◆ Assignment
Copy the first line of the entries below and every line after it through the line containing "Gucci Black Monogram". Do not include pictures.

* * * *

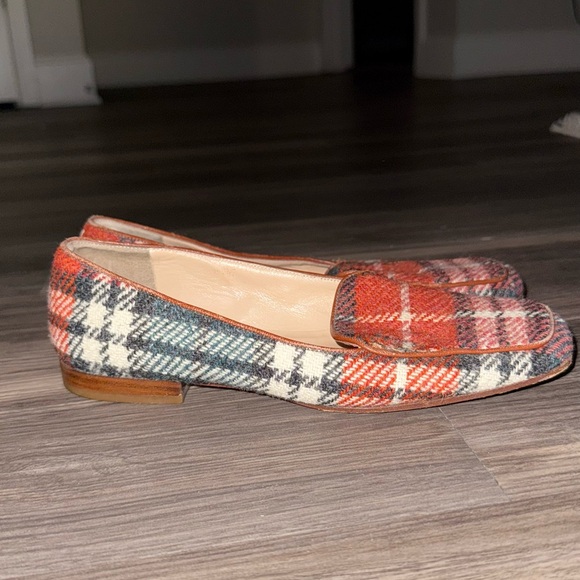 Kate Spade Wool Plaid Flats - Picture 2 of 6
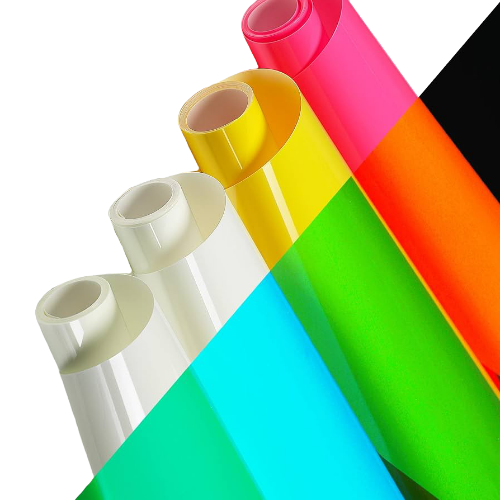 Vinilo luminoso de transferencia de calor (corte textil) luz blanca y verde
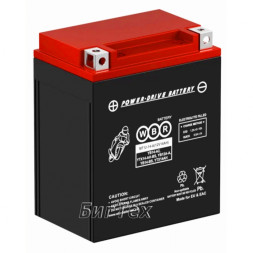 Мото аккумулятор WBR SMT12-14-A AGM YTX14AH-BS 14 Ач 210А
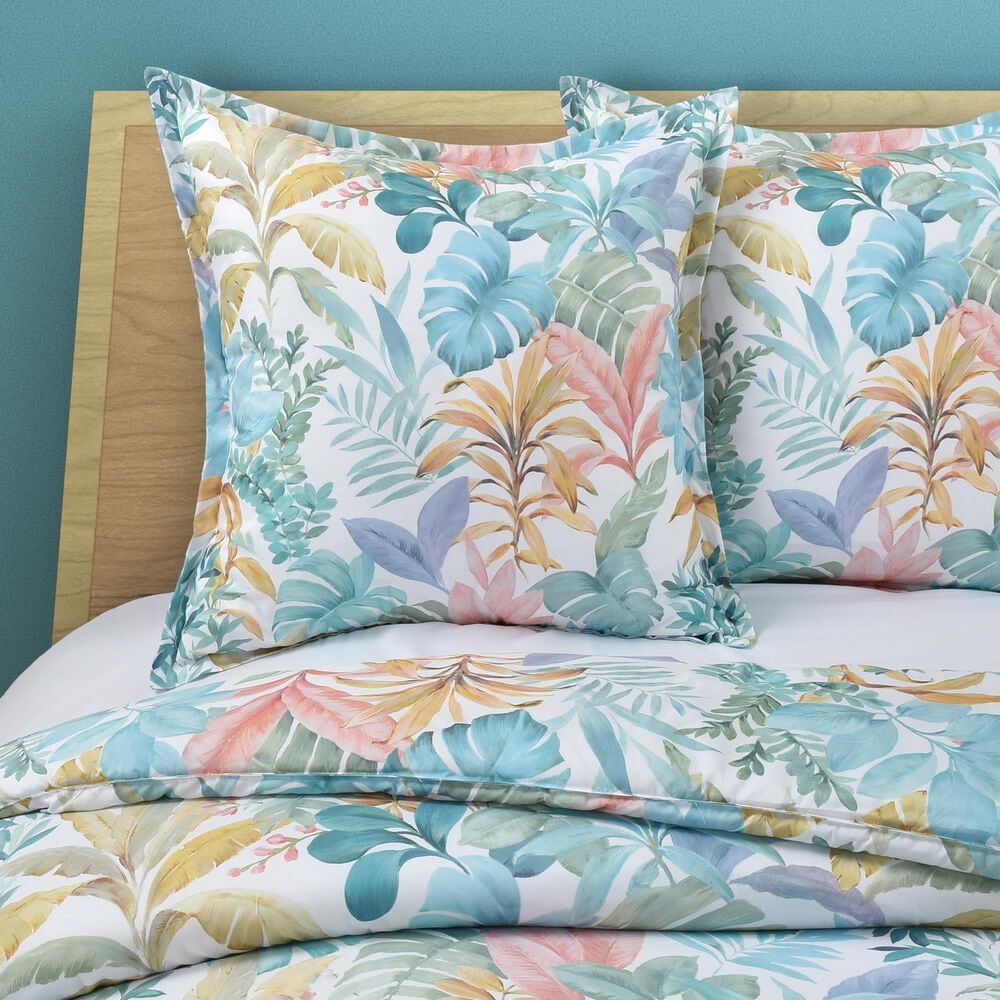 J. Queen New York Bahama 26&quot; Square Euro Pillow Sham in Aqua, , large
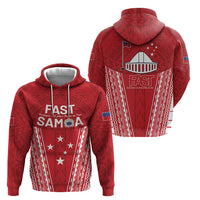 Samoa FAST Hoodie Forever Proud Samoan Tribal Pattern - Polynesian Pride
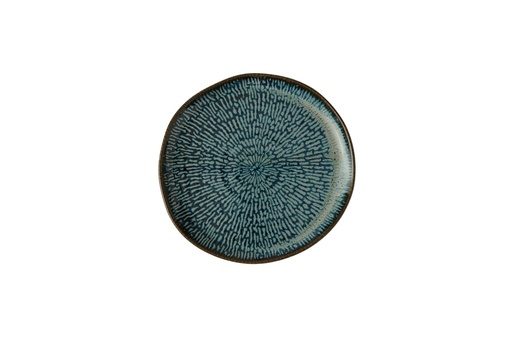 [510416] Bord plat 21.5cm h 2.0cm Envisage Cascade Sapphire Blue Churchill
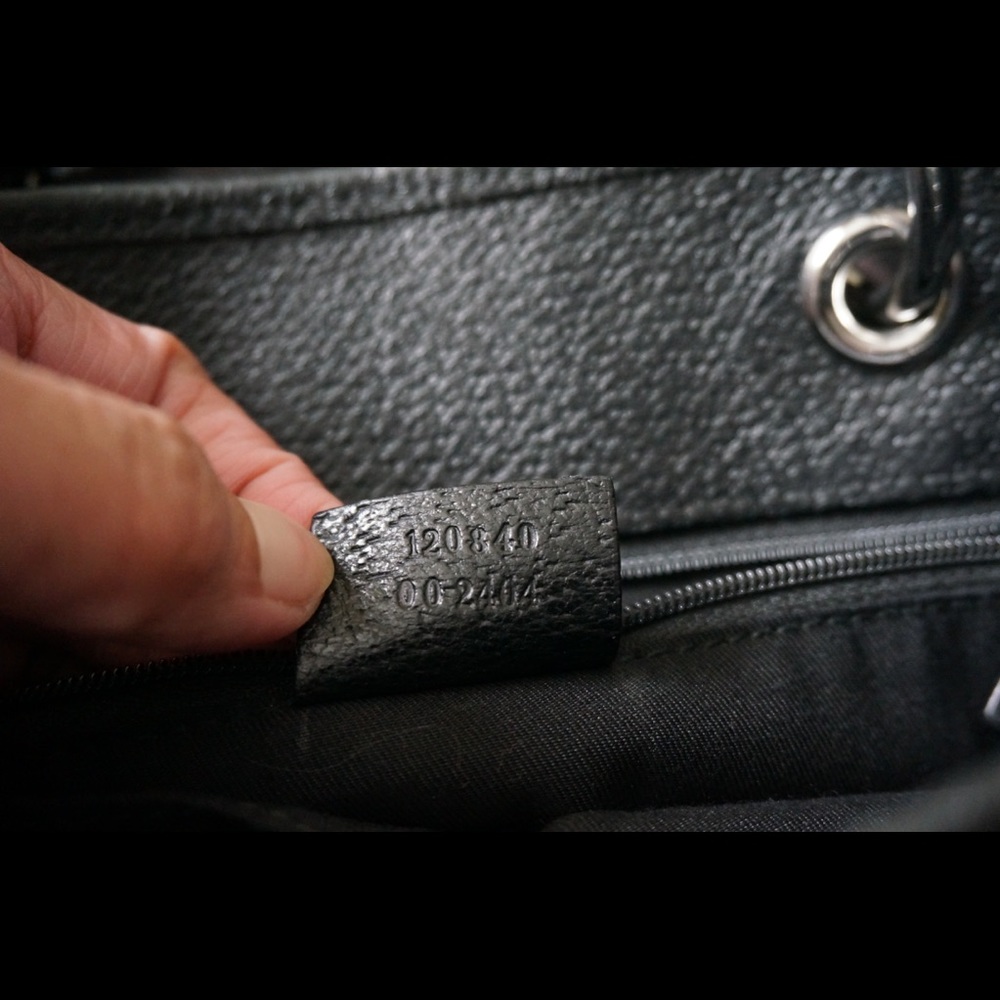 Gucci Black Monogram Mini Tote - Picture 14 of 15
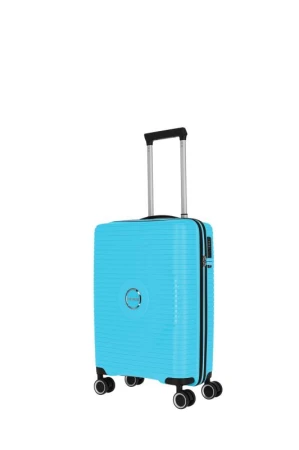 Travelite Orbita S Turquoise kufr + kosmetická taštička zdarma Travelite Orbita S Turquoise kufr + kosmetická taštička zdarma
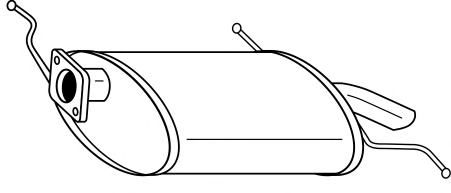 Глушитель выхлопных газов конечный SIGAM 74604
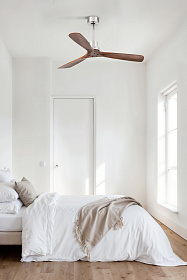 Вентилятор LANTAU L DC из матового никеля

* * * *

◆ The answer
 Kate Spade Wool Plaid Flats - Picture 2 of 6
 Vinilo luminoso de transferencia de calor (corte textil) luz blanca y verde
 Мото аккумулятор WBR SMT12-14-A AGM YTX14AH-BS 14 Ач 210А
 J. Queen New York Bahama 26&quot; Square Euro Pillow Sham in Aqua, , large
 Samoa FAST Hoodie Forever Proud Samoan Tribal Pattern - Polynesian Pride
 [510416] Bord plat 21.5cm h 2.0cm Envisage Cascade Sapphire Blue Churchill
 Gucci Black Monogram Mini Tote - Picture 14 of 15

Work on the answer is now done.